WORK REQUIRED
The answer must be every line from the entries below that includes "Seeds".

(Short web captions)
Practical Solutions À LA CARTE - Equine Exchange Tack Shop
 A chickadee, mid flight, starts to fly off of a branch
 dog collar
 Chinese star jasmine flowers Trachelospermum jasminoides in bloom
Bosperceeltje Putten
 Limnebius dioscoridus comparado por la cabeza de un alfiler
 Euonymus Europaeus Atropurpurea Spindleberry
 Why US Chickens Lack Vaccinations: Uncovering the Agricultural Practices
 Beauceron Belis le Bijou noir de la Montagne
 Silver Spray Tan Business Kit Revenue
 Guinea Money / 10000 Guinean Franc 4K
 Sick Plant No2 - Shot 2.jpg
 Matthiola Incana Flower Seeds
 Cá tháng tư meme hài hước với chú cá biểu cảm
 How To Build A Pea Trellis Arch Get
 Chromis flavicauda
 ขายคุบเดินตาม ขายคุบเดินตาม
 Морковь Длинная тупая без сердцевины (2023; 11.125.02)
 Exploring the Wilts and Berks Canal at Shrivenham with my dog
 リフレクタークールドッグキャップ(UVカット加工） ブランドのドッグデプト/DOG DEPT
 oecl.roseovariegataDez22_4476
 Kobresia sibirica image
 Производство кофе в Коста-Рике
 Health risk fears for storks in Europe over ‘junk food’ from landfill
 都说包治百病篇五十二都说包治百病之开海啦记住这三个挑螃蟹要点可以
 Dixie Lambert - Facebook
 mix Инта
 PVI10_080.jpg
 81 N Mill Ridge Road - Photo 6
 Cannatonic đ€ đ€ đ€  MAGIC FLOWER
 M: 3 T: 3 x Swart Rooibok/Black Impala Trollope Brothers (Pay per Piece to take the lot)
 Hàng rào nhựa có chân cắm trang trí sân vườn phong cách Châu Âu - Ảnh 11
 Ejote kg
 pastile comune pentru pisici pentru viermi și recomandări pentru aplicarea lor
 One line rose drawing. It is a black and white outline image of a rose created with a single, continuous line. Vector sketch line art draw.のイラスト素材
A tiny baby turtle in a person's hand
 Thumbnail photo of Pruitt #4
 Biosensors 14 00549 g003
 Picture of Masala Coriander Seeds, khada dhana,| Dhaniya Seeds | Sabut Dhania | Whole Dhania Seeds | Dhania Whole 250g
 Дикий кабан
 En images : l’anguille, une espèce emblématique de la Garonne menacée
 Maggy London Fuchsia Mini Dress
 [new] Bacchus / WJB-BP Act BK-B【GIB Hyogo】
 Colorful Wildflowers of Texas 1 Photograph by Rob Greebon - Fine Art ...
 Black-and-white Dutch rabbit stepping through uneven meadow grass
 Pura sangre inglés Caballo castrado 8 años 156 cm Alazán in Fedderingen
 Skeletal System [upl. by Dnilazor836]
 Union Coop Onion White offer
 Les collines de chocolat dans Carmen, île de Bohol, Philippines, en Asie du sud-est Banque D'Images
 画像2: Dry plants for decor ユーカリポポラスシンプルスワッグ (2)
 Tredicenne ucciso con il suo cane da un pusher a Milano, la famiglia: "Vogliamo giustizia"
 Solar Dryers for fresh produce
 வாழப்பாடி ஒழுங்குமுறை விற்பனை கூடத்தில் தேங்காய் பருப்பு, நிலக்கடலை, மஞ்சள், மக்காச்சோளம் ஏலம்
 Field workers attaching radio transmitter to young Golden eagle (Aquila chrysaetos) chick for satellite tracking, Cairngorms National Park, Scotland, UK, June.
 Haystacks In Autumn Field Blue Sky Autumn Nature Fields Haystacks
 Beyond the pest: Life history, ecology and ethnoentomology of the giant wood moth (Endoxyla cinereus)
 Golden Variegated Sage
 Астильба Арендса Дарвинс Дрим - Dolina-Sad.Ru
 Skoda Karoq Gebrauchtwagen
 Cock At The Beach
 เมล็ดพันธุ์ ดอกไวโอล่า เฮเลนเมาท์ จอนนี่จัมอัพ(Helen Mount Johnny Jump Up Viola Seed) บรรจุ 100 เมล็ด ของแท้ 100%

ANSWER TO THIS EXERCISE
 Matthiola Incana Flower Seeds
 Picture of Masala Coriander Seeds, khada dhana,| Dhaniya Seeds | Sabut Dhania | Whole Dhania Seeds | Dhania Whole 250g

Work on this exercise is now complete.